Each line of the material below is to be written out exactly. Leave out any picture.

=== Section Start ===

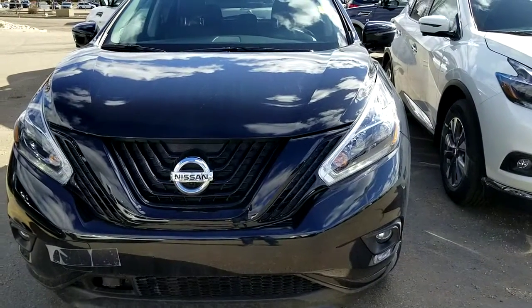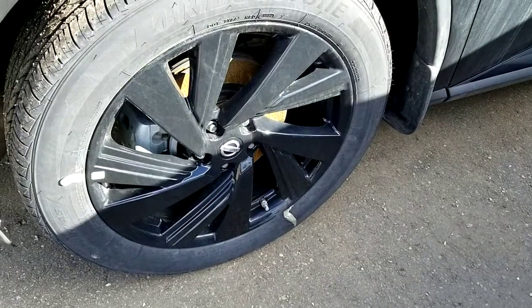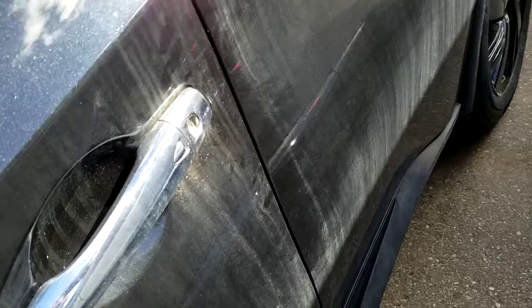It comes with a beautiful V-motion grille with the black inside, LED daylight lights, fog light, 20-inch wheels, and a 360 camera with the LED signal.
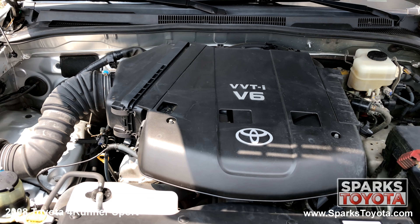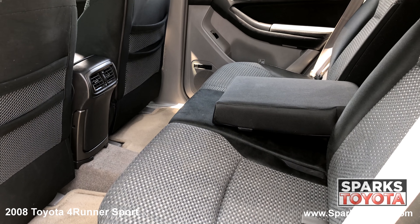The power rear window, the rear wiper, the tow package, a spacious cargo area with a power outlet and a comfortable back seat with cup holders.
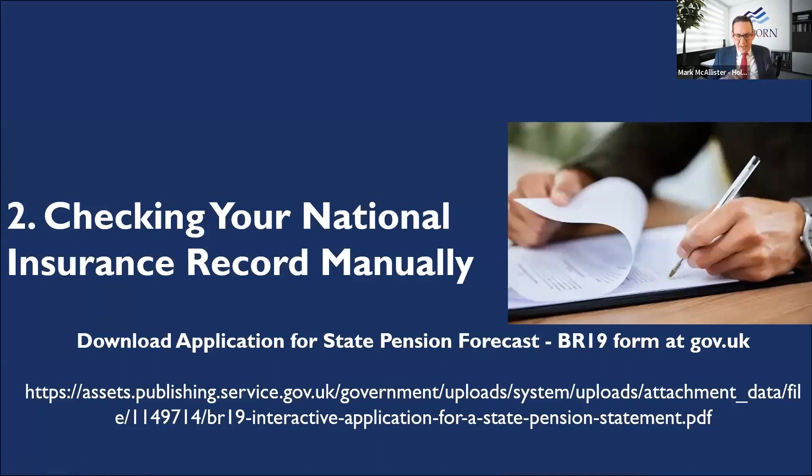The first thing you need to do is find out how many years you potentially need to contribute. That's the electronic easy route. If you really struggle with the government gateway ID or don't do computers at all, there's a manual option: the BR19 form. You can download it, fill it in, and send it back — but unfortunately HMRC normally responds via post. For expats abroad, I really encourage you to use the online gateway system, as you may not hear back if they post it out.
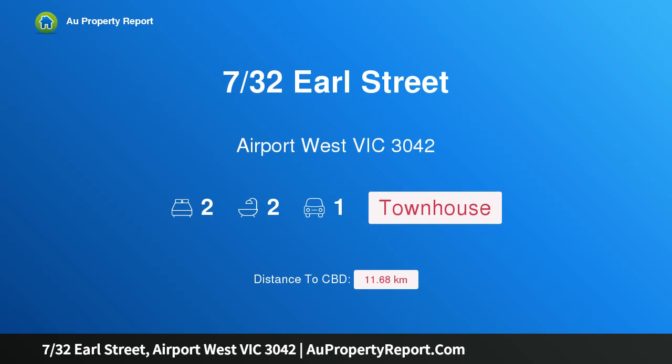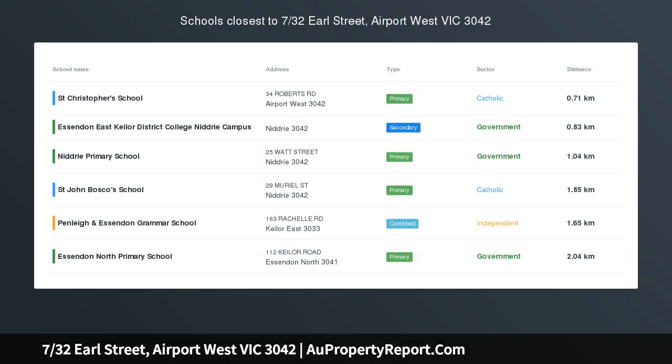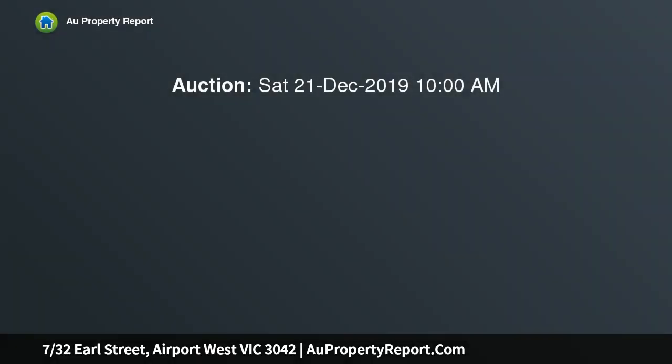Hi, I am glad to introduce property 732 Earl Street, Airport West, Victoria 3042. Executive excellence with outstanding urban ease. Positioned for absolute convenience, this near-new tri-level townhouse delivers a lifestyle of low-maintenance perfection with its long list of features, well-proportioned rooms and abundance of natural light. Quality at every turn.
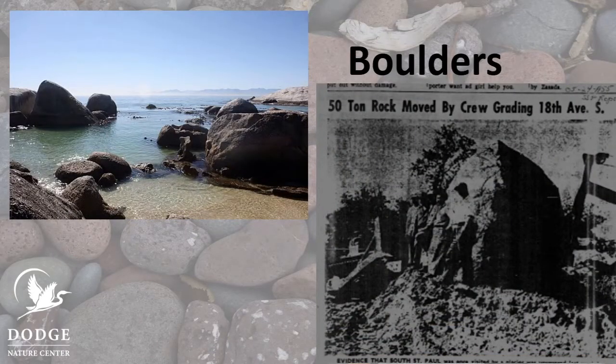At first, big pieces break off — these are boulders. We find boulders in many places: at the bottoms of cliffs, in the middle of the woods, even buried under roads. The picture on the right is from an old newspaper. It shows my grandfather standing by a boulder that was uncovered when the city was working on the road. They buried the boulder in an enormous hole — it's still there today.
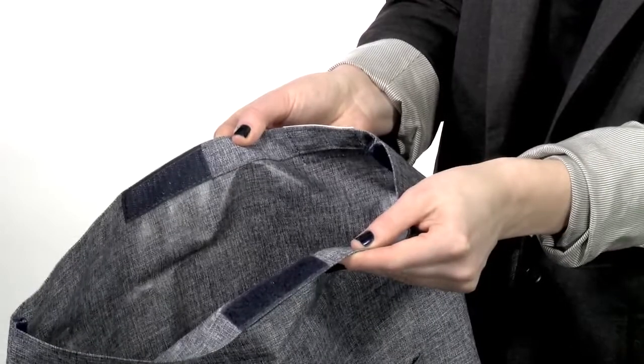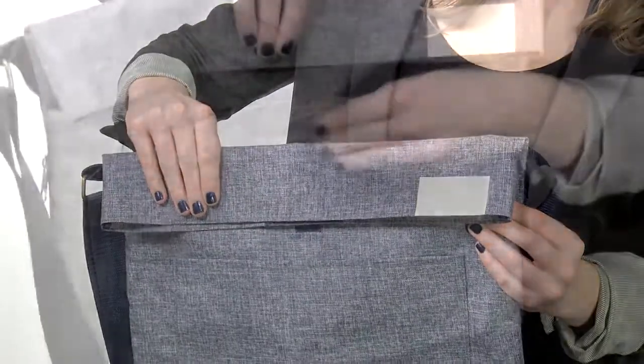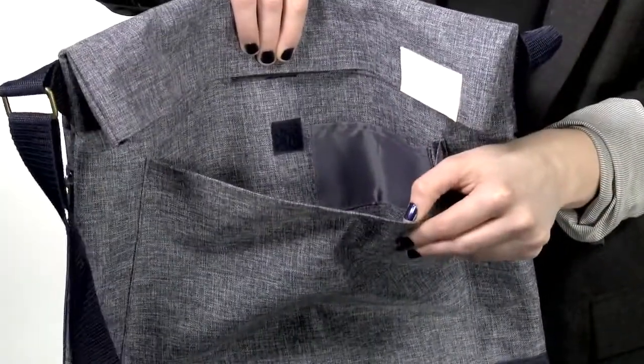The polyester tote features an open main compartment with Velcro closure at the top. The top folds over and fastens with another Velcro closure to keep items secure. The open front pocket fits most tablets and has a Velcro closure to keep electronics from falling out.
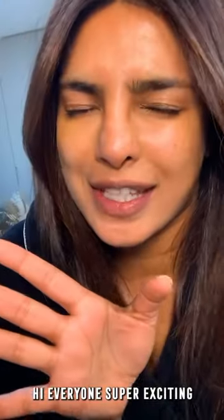Hi everyone! Super exciting. I'm going to show you my day look and my night look with my favorite Max Factor products.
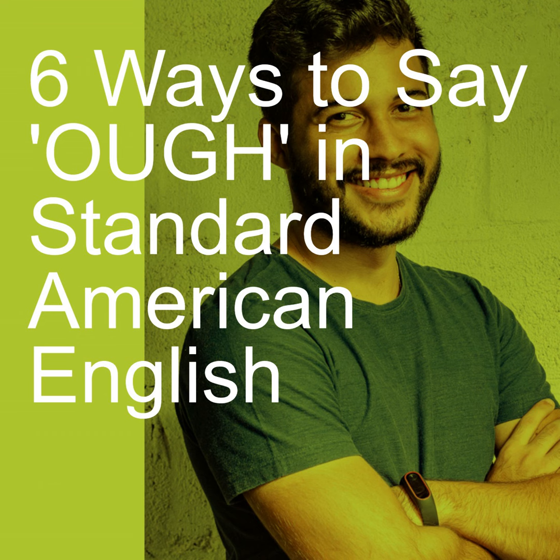Then the last one is 'ow.' So: bough and drought — although sometimes drought is also pronounced 'drăwt.' It is an example of how you can pronounce O-U-G-H as 'ow.' Drought means no water for a very long time — 'uh-oh, we have a drought.' And bough meaning like a branch on a tree. So those are six ways you can pronounce the O-U-G-H spelling in American English. There's no trick — you just have to memorize them. Sorry!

=== Section End ===

SOLUTION TO THE PROBLEM:
It comes with a beautiful V-motion grille with the black inside, LED daylight lights, fog light, 20-inch wheels, and a 360 camera with the LED signal.
The power rear window, the rear wiper, the tow package, a spacious cargo area with a power outlet and a comfortable back seat with cup holders.
The first thing you need to do is find out how many years you potentially need to contribute. That's the electronic easy route. If you really struggle with the government gateway ID or don't do computers at all, there's a manual option: the BR19 form. You can download it, fill it in, and send it back — but unfortunately HMRC normally responds via post. For expats abroad, I really encourage you to use the online gateway system, as you may not hear back if they post it out.
Hi, I am glad to introduce property 732 Earl Street, Airport West, Victoria 3042. Executive excellence with outstanding urban ease. Positioned for absolute convenience, this near-new tri-level townhouse delivers a lifestyle of low-maintenance perfection with its long list of features, well-proportioned rooms and abundance of natural light. Quality at every turn.
At first, big pieces break off — these are boulders. We find boulders in many places: at the bottoms of cliffs, in the middle of the woods, even buried under roads. The picture on the right is from an old newspaper. It shows my grandfather standing by a boulder that was uncovered when the city was working on the road. They buried the boulder in an enormous hole — it's still there today.
The polyester tote features an open main compartment with Velcro closure at the top. The top folds over and fastens with another Velcro closure to keep items secure. The open front pocket fits most tablets and has a Velcro closure to keep electronics from falling out.
Hi everyone! Super exciting. I'm going to show you my day look and my night look with my favorite Max Factor products.
Then the last one is 'ow.' So: bough and drought — although sometimes drought is also pronounced 'drăwt.' It is an example of how you can pronounce O-U-G-H as 'ow.' Drought means no water for a very long time — 'uh-oh, we have a drought.' And bough meaning like a branch on a tree. So those are six ways you can pronounce the O-U-G-H spelling in American English. There's no trick — you just have to memorize them. Sorry!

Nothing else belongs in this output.